"Cultures of Caring" reported these findings about American minority groups and charitable giving to religious institutions and organizations:
African-Americans The church is the most significant beneficiary of African-American charity. The report noted that a survey by the Independent Sector from 1988 to 1996 revealed that 44% of African-Americans say they give to the church.
Giving to religious or spiritual activities by Native Americans is very individual and informal. This type of giving often centers on specific rituals and ceremonial activities (feasts, powwows, honorings, potlatches, giveaways, etc.).

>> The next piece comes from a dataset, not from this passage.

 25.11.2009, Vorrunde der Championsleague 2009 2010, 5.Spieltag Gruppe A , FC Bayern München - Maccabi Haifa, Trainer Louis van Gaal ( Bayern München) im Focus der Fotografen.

Native Americans often are involved in mainstream religious giving through larger groups with mainstream ties, such as the National Tekakwitha Conference, a Roman Catholic organization with Native leadership that focuses on the relationship of indigenous spirituality and Christianity.
The most significant portion of Latino institutional giving is targeted to religious groups. Because more than 70 percent of U.S. Latinos are Catholic, the Catholic Church has been the traditional beneficiary of this giving.
Protestant evangelical groups have begun experiencing significant increases in Latino followers and their charitable gifts.
Due in part to the fact tha Asian-Americans practice a wide variety of religious traditions, little documentation of the practice and extent of giving to churches and temples by Asian Americans exists.
Asian-American Christian churches are often important providers of human services in their communities.